The Presidential Advisory Council on
HIV/AIDS (PACHA) passed a resolution last week that calls for an end to federal
and state HIV-specific criminal laws and prosecutions.
While the resolution is only advisory,
it recommends that the departments of Justice and Health and Human Services
issue guidance and offer incentives to state attorneys general and state health
departments to eliminate HIV-specific laws. The advisory group also asks these
federal agencies to develop guidelines for how to approach HIV within criminal
and civil justice systems that are “consistent with the treatment of similar
health and safety risks.”
As the resolution notes, 32 states
and two territories have laws criminalizing people living with HIV.
In explaining the reason to repeal these laws, the
resolution reads:
People living with HIV have been
charged under aggravated assault, attempted murder, and even bioterrorism
statutes, and they face more severe penalties because law enforcement,
prosecutors, courts, and legislators continue to view and characterize people
living with HIV and their bodily fluids as inherently dangerous, even as ‘deadly
weapons. Punishments imposed for non-disclosure of HIV status, exposure, or HIV
transmission are grossly out of proportion to the actual harm inflicted and
reinforce the fear and stigma associated with HIV. Public health leaders and
global policy makers agree that HIV criminalization is unjust, bad public
health policy and is fueling the epidemic rather than reducing it.
PACHA is also requesting that state
and federal authorities review the cases of persons convicted under such laws
and overturn convictions if deemed appropriate. The group is calling on the
Centers for Disease Control and Prevention to “issue a clear statement
addressing the growing evidence that HIV criminalization and punishments are
counterproductive and undermine current HIV testing and prevention priorities.”
“Today’s announcement is an
important advancement in our collective effort to modernize unjust and
discriminatory HIV criminalization laws,” said Rep. Barbara Lee (D-Calif.),
co-chair of the Congressional HIV/AIDS Caucus in a statement last week. Lee
introduced the REPEAL HIV Discrimination Act in 2011, which never passed, and
served on the United Nations’ Global Commission on HIV and the Law.

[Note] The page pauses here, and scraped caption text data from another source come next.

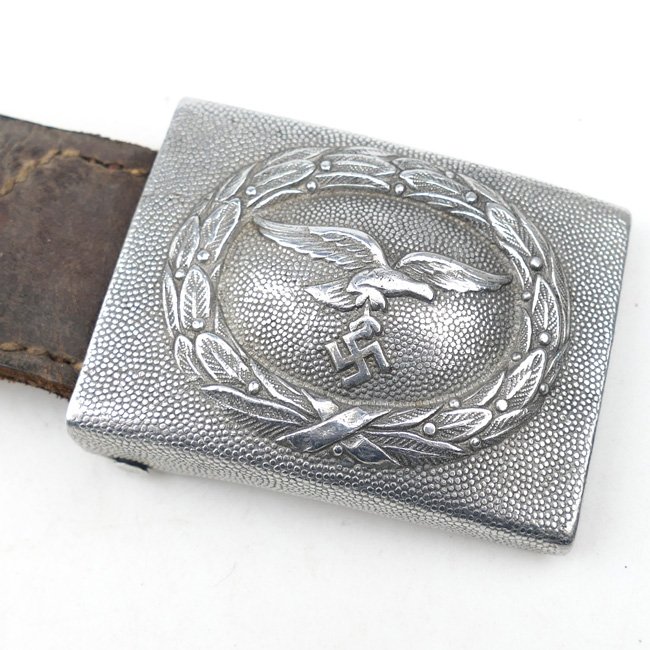 Luftwaffe Belt Buckle on Leather Tab 'St.Merkl' — image 2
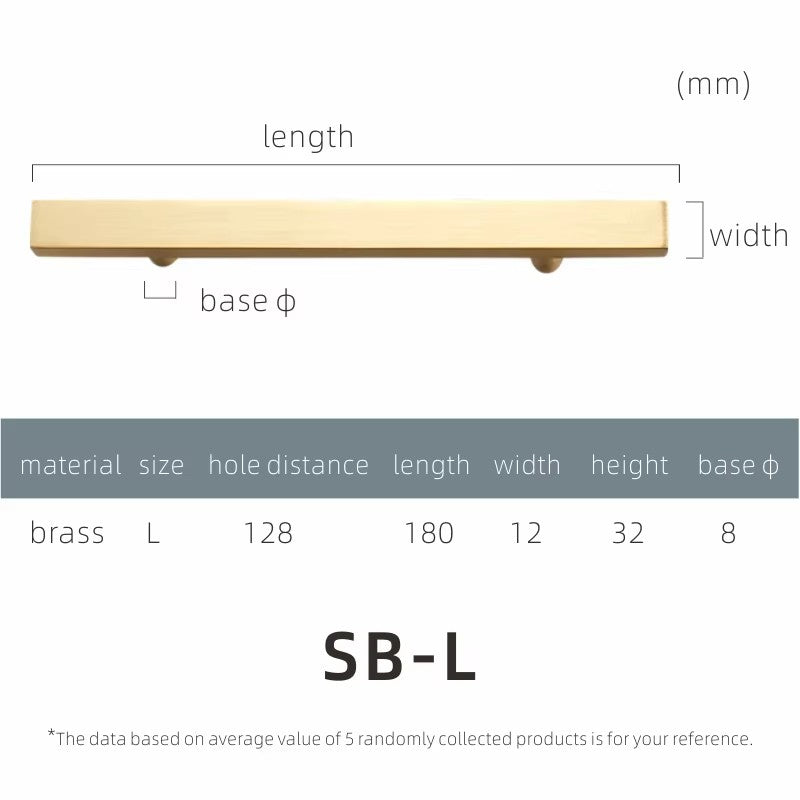 Dooroom Dulu Brass Furniture Handles Modern Wardrobe Dresser Cupboard Drawer Cabinet Door Long Square Black/Gold Pulls Knobs DOOROOM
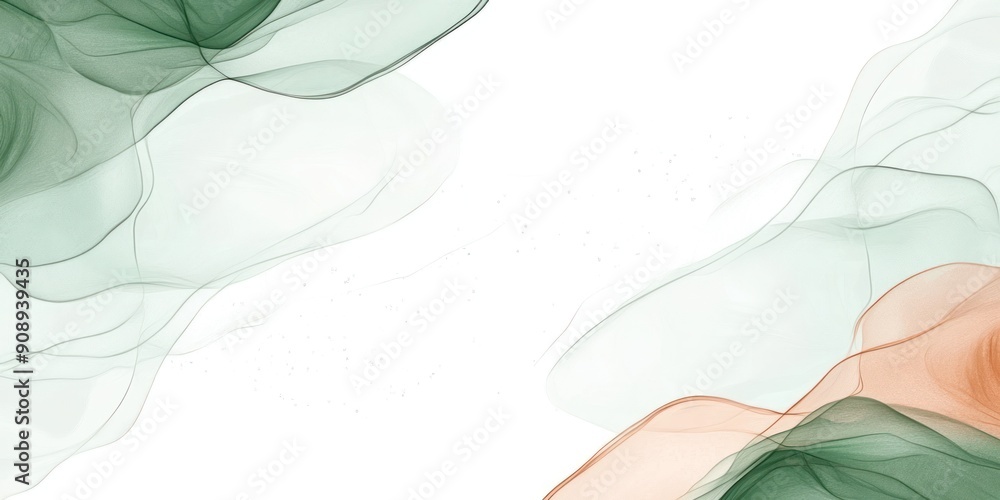 Poster soft textured swirls intertwine in serene hues creating a calming visual experience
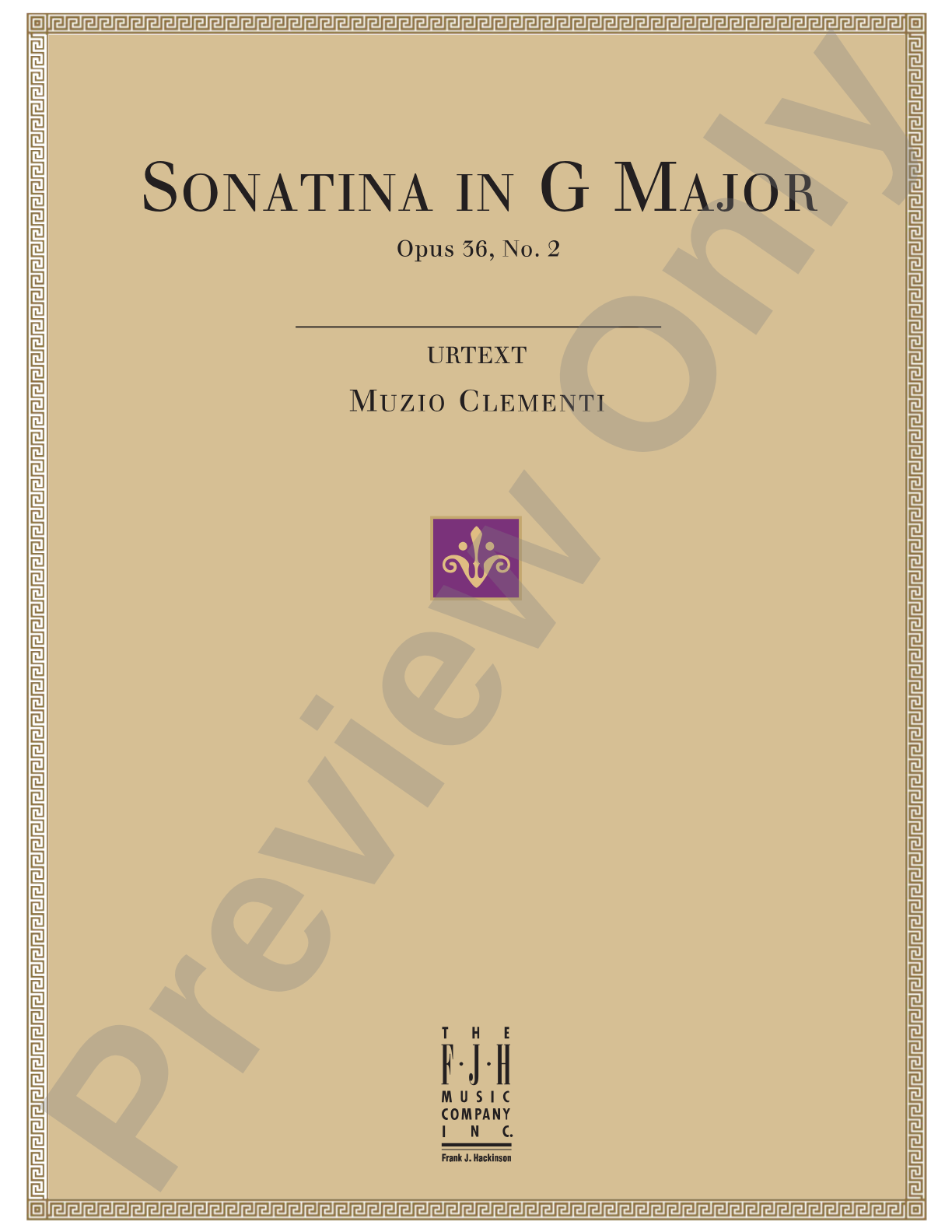 Sonatina in G Major, Op.36, No.2: Piano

“I join the President’s Advisory
Council on AIDS in calling on the Department of Justice and the Centers of
Disease Control and Prevention to issue clear guidance to states and public
health departments on the counterproductive effects of HIV criminalization
policies; we must end this clear discrimination against people living with
HIV,” Lee continued. “Criminalization laws breed fear, discrimination, distrust
and hatred, and we must end them.”
The White House declined to comment
on the resolution, but the National HIV/AIDS Strategy adopted by the Obama
administration in July 2010 does call for state legislatures to “consider
reviewing HIV-specific criminal statutes to ensure that they are consistent
with current knowledge of HIV transmission and support public health approaches
to preventing and treating HIV.”
Policymakers at the state level also
welcomed the resolution. Randy Mayer, chief of the Bureau of HIV, STD, and
Hepatitis for the Iowa Department of Public Health, said the resolution was a
new tool in advocates’ fight to repeal Iowa’s HIV-specific law.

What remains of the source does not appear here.